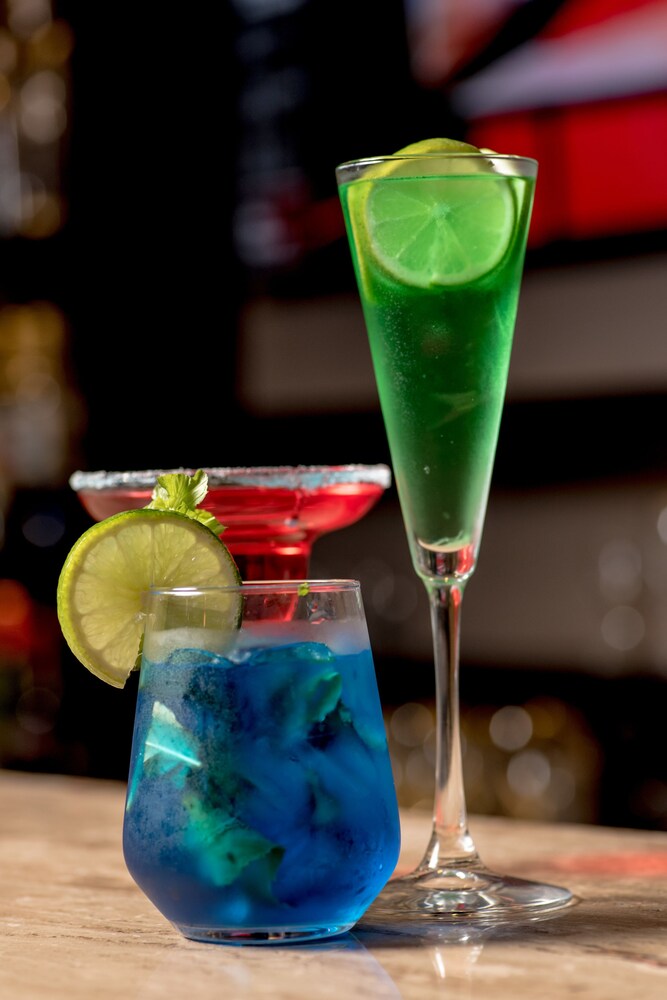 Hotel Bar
....................
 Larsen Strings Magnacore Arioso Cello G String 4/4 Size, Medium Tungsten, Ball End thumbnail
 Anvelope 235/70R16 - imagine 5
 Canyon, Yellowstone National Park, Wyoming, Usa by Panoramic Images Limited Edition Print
....................
● **What is expected**
Above are the records; repeat exactly the lines from the one holding "Larsen Strings Magnacore" down to the one holding "Canyon, Yellowstone National", end lines included.

● **Solved exercise**
 Larsen Strings Magnacore Arioso Cello G String 4/4 Size, Medium Tungsten, Ball End thumbnail
 Anvelope 235/70R16 - imagine 5
 Canyon, Yellowstone National Park, Wyoming, Usa by Panoramic Images Limited Edition Print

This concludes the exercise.